> [What you need to do]
Would you please transcribe the listing exactly, with no images?

> [Provided material]
+++

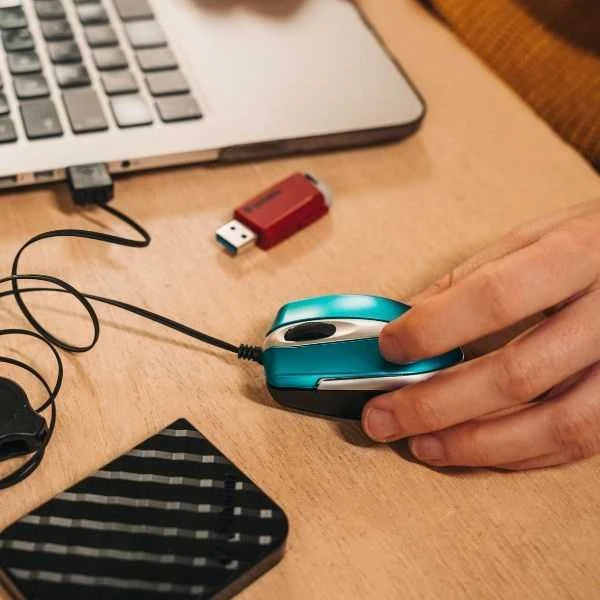 Verbatim Go Mini kompiuterinė pelė USB A tipo Optinis 1000 DPI Abiems rankoms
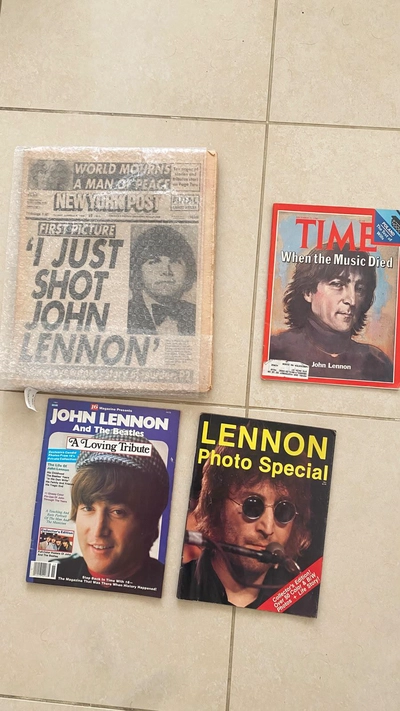 John Lennon Death Magazine & Newspaper-0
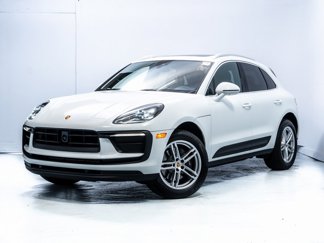 Certified 2024 Porsche Macan image 1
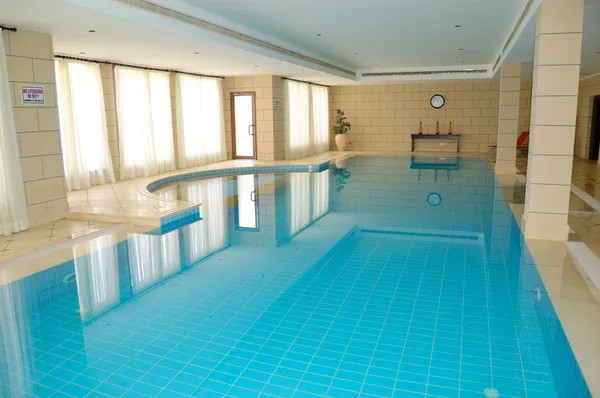 Spa zwembad in het populaire hotel — Stockfoto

+++

> [Answer section]
 Verbatim Go Mini kompiuterinė pelė USB A tipo Optinis 1000 DPI Abiems rankoms
 John Lennon Death Magazine & Newspaper-0
 Certified 2024 Porsche Macan image 1
 Spa zwembad in het populaire hotel — Stockfoto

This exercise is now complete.